# [Task statement]
In the data below, locate the line containing "ウーステッドドレープネックワンピース" and the line containing "Glade Aerosol Air", then retype both and everything between them exactly. Pictures are not part of the copy.

# [Materials provided]
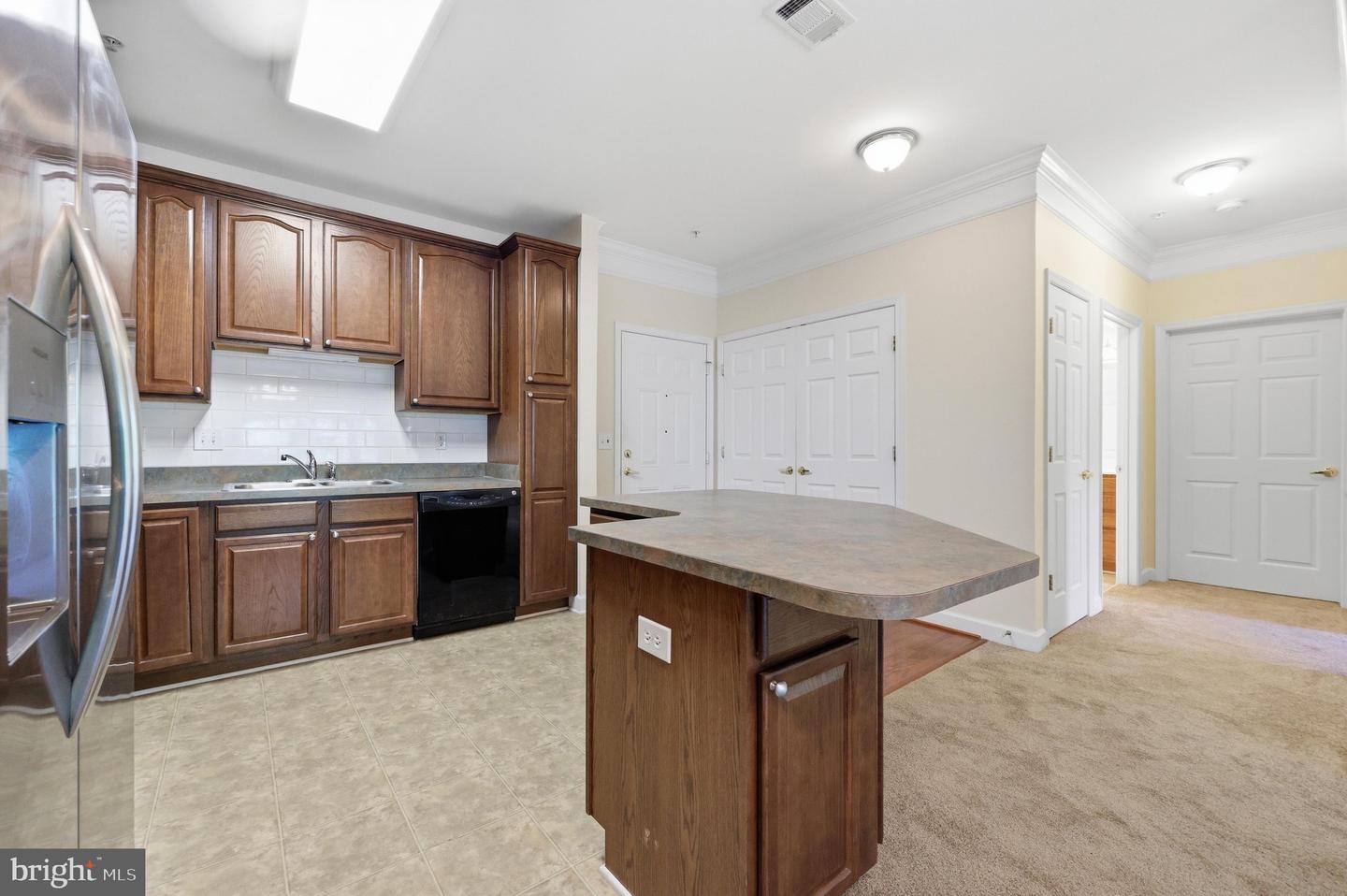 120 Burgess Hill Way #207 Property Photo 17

...

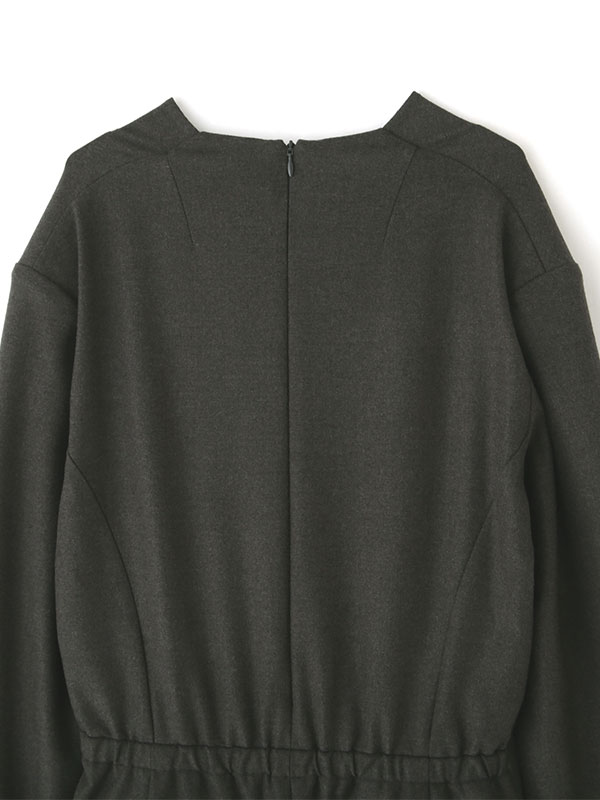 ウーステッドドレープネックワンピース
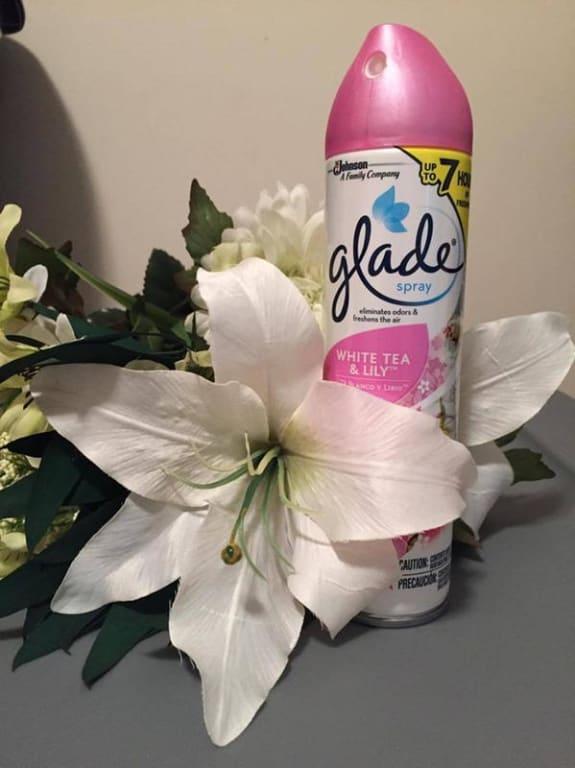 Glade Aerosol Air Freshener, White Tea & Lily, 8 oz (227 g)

==

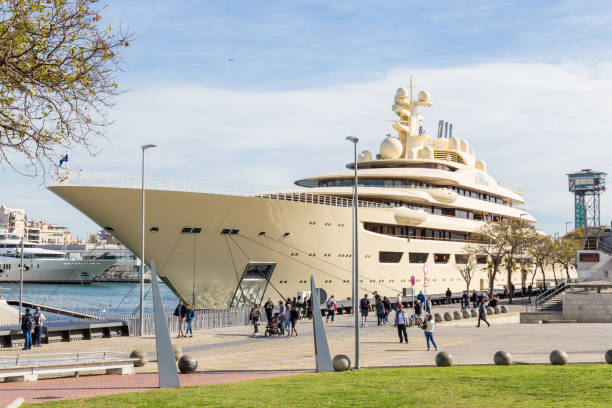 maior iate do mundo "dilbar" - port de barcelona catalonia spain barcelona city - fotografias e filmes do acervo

# [Solution to the problem]
 ウーステッドドレープネックワンピース
 Glade Aerosol Air Freshener, White Tea & Lily, 8 oz (227 g)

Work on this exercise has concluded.